Unfortunately, distributing a multi-module Python program has a number of problems. First, you must carefully assemble all your program's dependencies in a single directory tree. Second, you need to make a zip or tarball of the directory tree for distribution. Third, you need to instruct your end users on how to unpack the zipped or tarballed program and how to correctly set their PYTHONPATH and which Python file or shell script in the directory tree to invoke to run your program.

Python has long included the distutils module to help developers distribute Python code. Distutils is focused on distributing Python modules and packages for use by other Python developers and is great for its intended purpose; it can also install shell scripts in the standard operating system command directory (such as /usr/local/bin on most UNIX-derived systems). It has a big problem though: Python libraries installed by distutils are made available to all Python code unless special care is taken. If you include any common third-party libraries in your program, you run the risk that your end user may have a different, possibly incompatible version of that library already on their system. You risk breaking other Python programs, and being broken in turn if you share libraries. Windows users have long dealt with DLL Hell, a similar problem where different Windows applications would install incompatible versions of shared libraries.

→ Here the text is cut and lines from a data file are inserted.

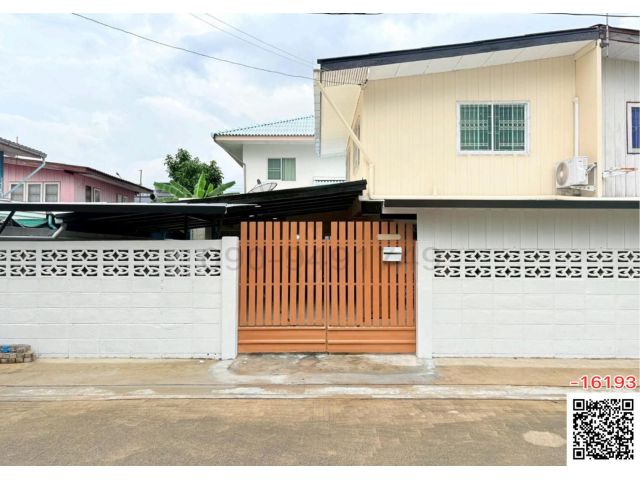 เช่าบ้านแฝดทหมู่บ้านปิ่นเจริญ 2 ดอนเมืองทซอยสรณคมน์ 35 ใกล้สนามบินดอนเมือง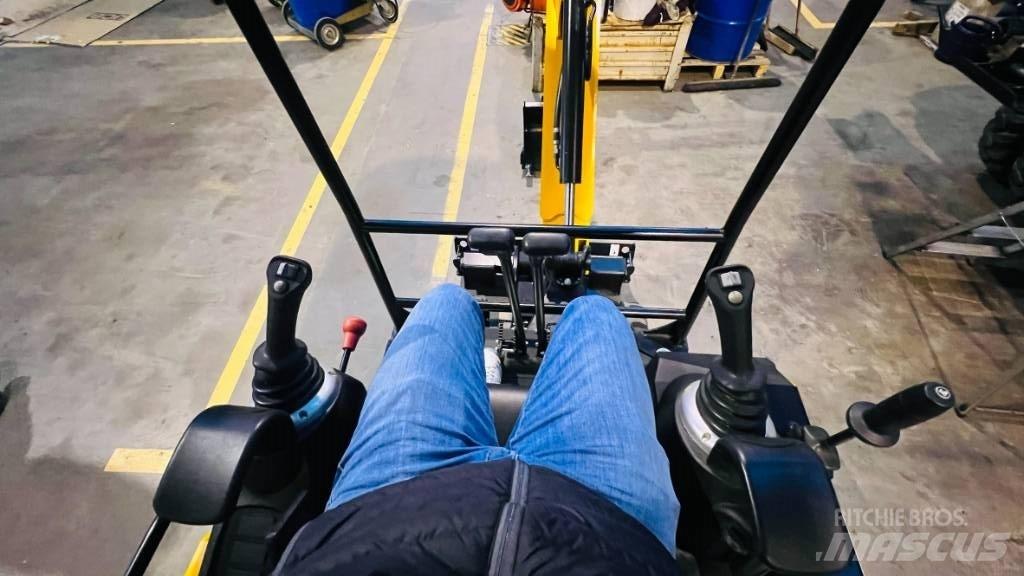 JCB 19 Etec 小型挖掘机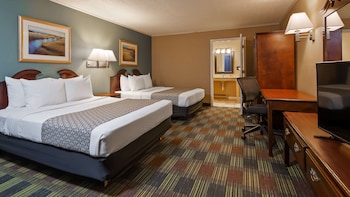 Standard Room, 2 Queen Beds, Smoking, Refrigerator & Microwave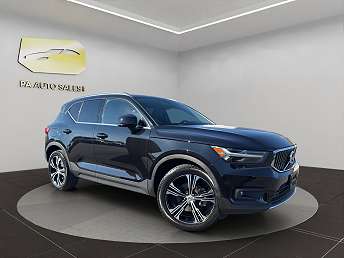 2022 Volvo XC40 T5 Inscription 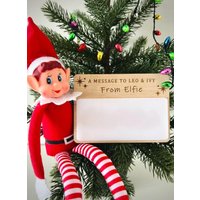 Personalisierte Weihnachtself Pinnwand Holzschild Mit Gravur von GooseberryLaserCo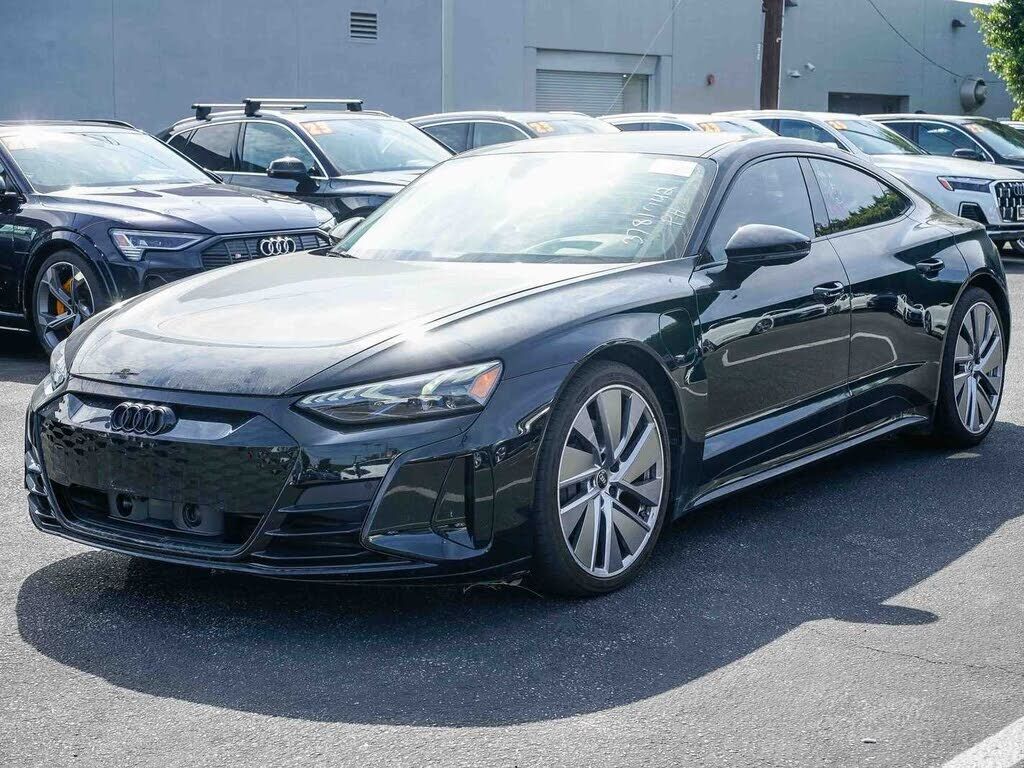 2022 AUDI e-tron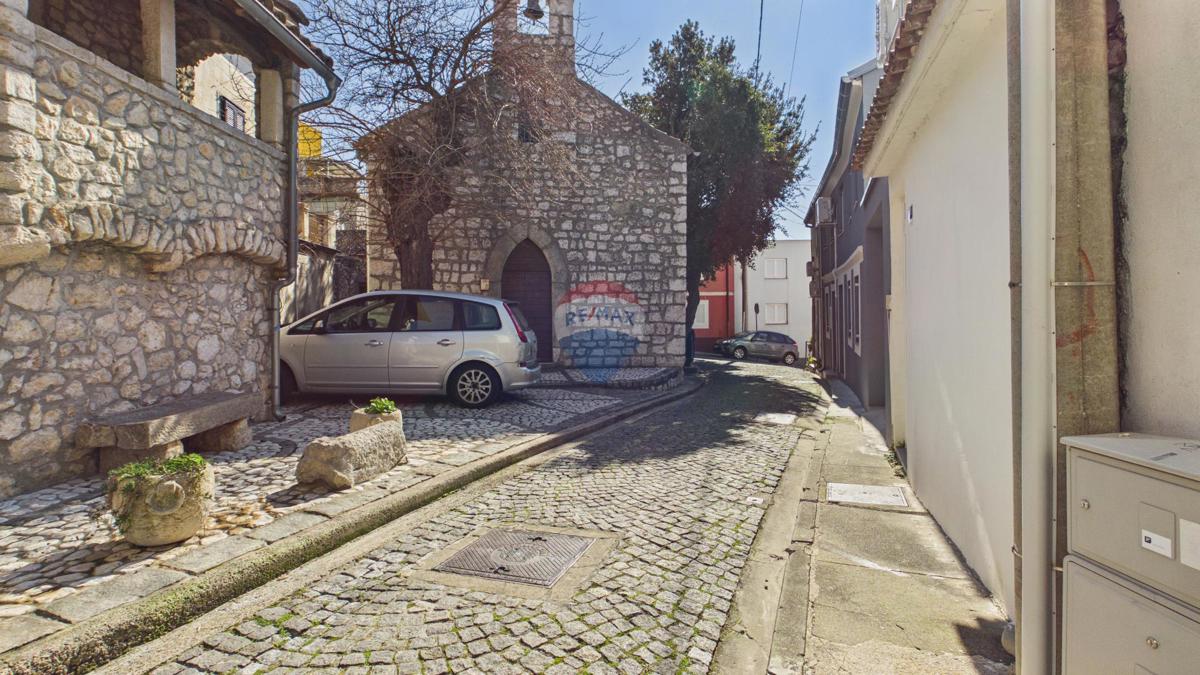 Novi Vinodolski – Casa nel centro storico, seconda fila dal mare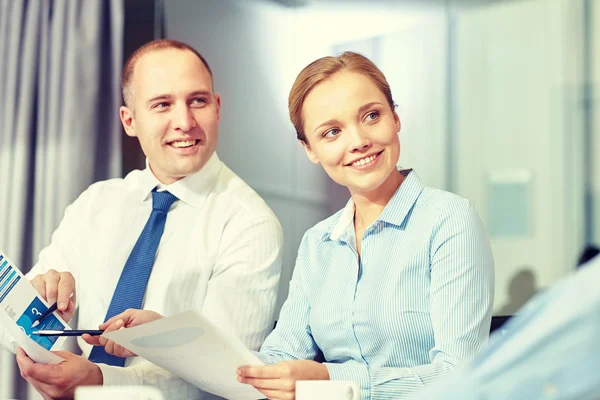 Affärsmän med papper i office — Stockfoto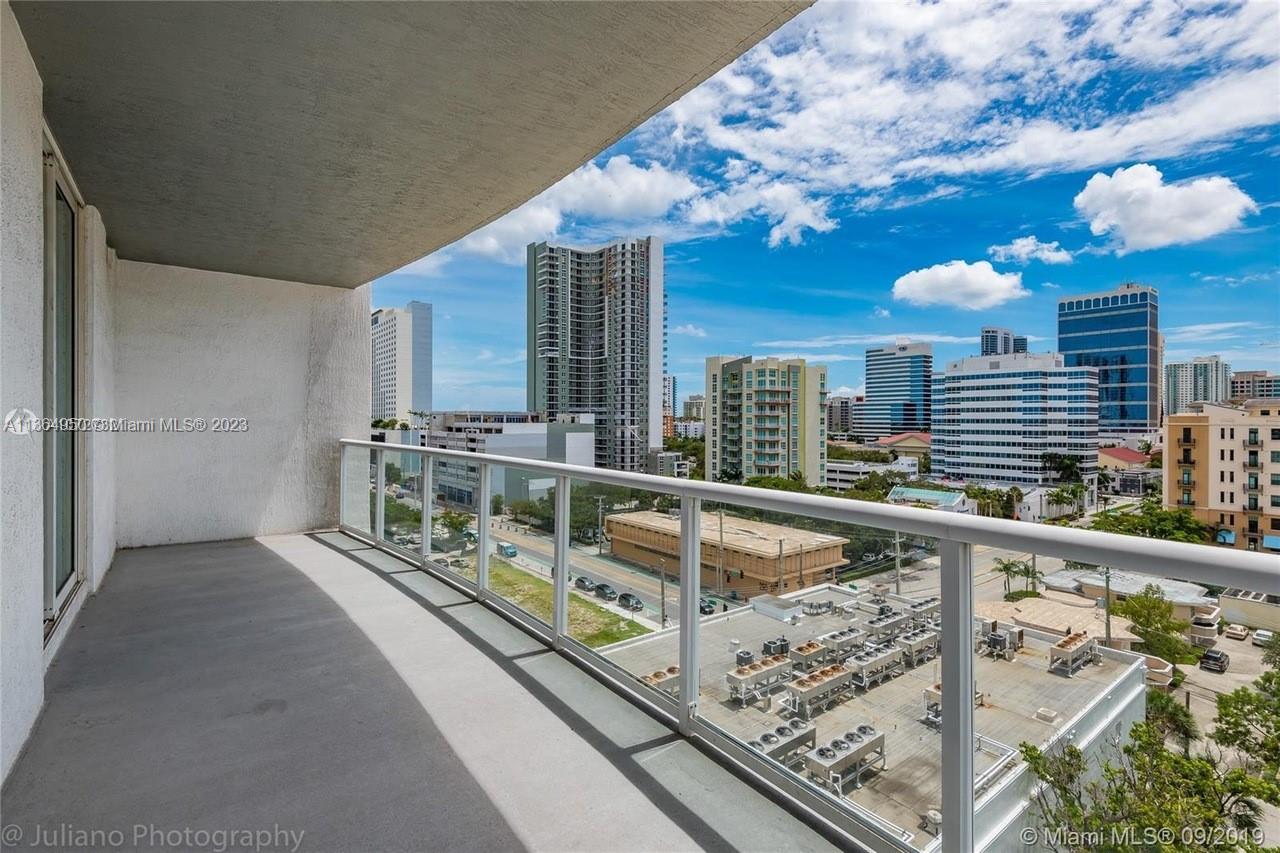 STRADA 315 CONDO - Residential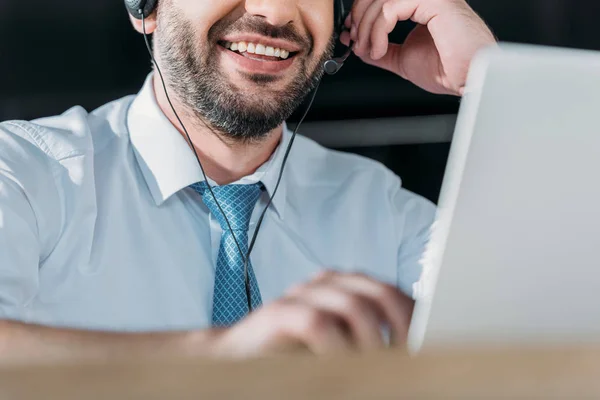 Schnappschuss Eines Lächelnden Support Hotline Mitarbeiters Mit Laptop Und Mikrofon — Stockfoto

Today even the computer in your pocket has dozens of gigabytes of storage so modern development has moved away from sharing library code between programs. For Python developers, virtualenv allows you to quickly and easily create separate virtual Python installations on a single computer, each one isolated from the others and from the "real" Python installation. You can install Python modules and packages in one virtualenv without affecting the others. Used along with the pip package manager, it's easy to document and recreate a virtualenv Python environment, which is a boon to Python web developers.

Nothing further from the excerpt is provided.